Fils d’un fonctionnaire du duc de Lorraine, Léopold,
Emmanuel Héré est élève de l’architecte
Germain Boffrand avant de travailler pour Stanislas Leszczynski, roi
de Pologne et duc de Lorraine, qui, animé par une -frénésie
de bâtir, lui confie la réalisation de très nombreux
ouvrages en Lorraine et tout particulièrement à Nancy.

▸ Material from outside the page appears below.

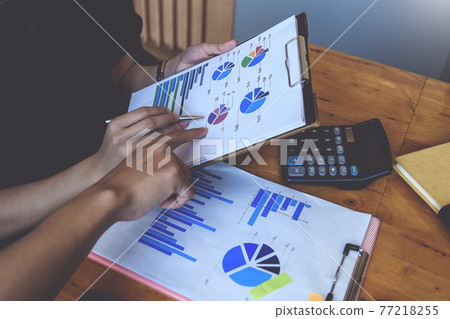 Group of Businesswoman and Accountant checking data document on digital tablet for investigation of corruption account . Anti Bribery concept. 77218255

À la fin des années 1730, Héré édifie
les bâtiments des bosquets du château de Lunéville,
exemples remarquables de la fantaisie inspirée de l’Orient
où Stanislas a séjourné durant ses années
d’exil. Le kiosque turc, le pavillon du trèfle chinois,
le hameau avec son moulin et ses automates mus par le mouvement de
l’eau ou le pavillon de la cascade ont tous impressionné
durablement les hôtes de marque accueillis par Stanislas : son
gendre Louis XV et sa famille, Voltaire et madame du Châtelet,
Montesquieu,…
Lorsqu’il construit le château de La Malgrange, aux portes
de Nancy, Héré le recouvre en partie de porcelaine,
accentuant ainsi le pittoresque qu’il a déjà développé
dans l’aménagement du château de Commercy ou la
rénovation du château de Chanteheux.
La première grande réalisation religieuse d’Emmanuel
Héré est l’église de Notre-Dame de Bonsecours
à Nancy, construite entre 1738 et 1741, destinée d’une
part à accueillir la Vierge réalisée par Mansuy
Gauvain pour René II après sa victoire sur les Bourguignons
en 1477, d’autre part à recevoir les cénotaphes
du duc Stanislas et de son épouse, Catherine Opalinska. Le
classicisme mesuré et élégant de la façade,
surmontée d’un clocher bulbeux, contraste avec la -décoration
intérieure de la nef, influencée par l’art d’outre-Rhin,
dont la voûte est couverte des fresques du peintre Joseph Gilles
dit le Provençal.
Entre 1750 et 1755, Emmanuel Héré réalise son
chef-d’œuvre : la place Stanislas (1). Cet ensemble monumental
est un des exemples les plus remarquables du XVIIIe siècle
d’architecture édilitaire. Autour de la place Royale
(aujourd’hui place Stanislas), Héré dessine la
place Saint-Stanislas (aujourd’hui place d’Alliance) et
modifie la place de la Carrière. L’équilibre remarquable
de l’architecture de la place Stanislas, animée par des
sculptures d’inspiration rocaille, est scandé par les
superbes ferronneries dues à Jean Lamour. Dans les deux angles,
faisant face à l’hôtel de ville, se trouvent les
fontaines de Neptune et Amphitrite du sculpteur Barthélémy
Guibal. L’œuvre de Héré est un exemple exceptionnel
de l’élégance et du raffinement d’une architecture
où se croisent les influences du classicisme français
et du baroque d’outre-Rhin. L’ensemble est classé
au patrimoine mondial par l’U.N.E.S.C.O.
Anobli par Stanislas en 1751, Emmanuel Héré meurt ruiné
en 1763 à la suite d’investissements malheureux dans
une fabrique d’amidon. Il a résumé les principaux
monuments de sa carrière dans les Plans et élévations
de la place Royale de Nancy…, ouvrage publié à
Paris en 1753, et dans le Recueil de
plans, élévations et coupes des châteaux, jardins
et dépendances que le roi de Pologne occupe en Lorraine
(en 1756).
Blandine Chavanne
conservateur du patrimoine
directeur du musée des Beaux-Arts de Nancy
1. -Voir dans la brochure des Célébrations nationales
2002 l’article de M. François Pupil,
qui évoque la pose de la 1re pierre de ce grandiose ensemble
architectural (p. 84-86)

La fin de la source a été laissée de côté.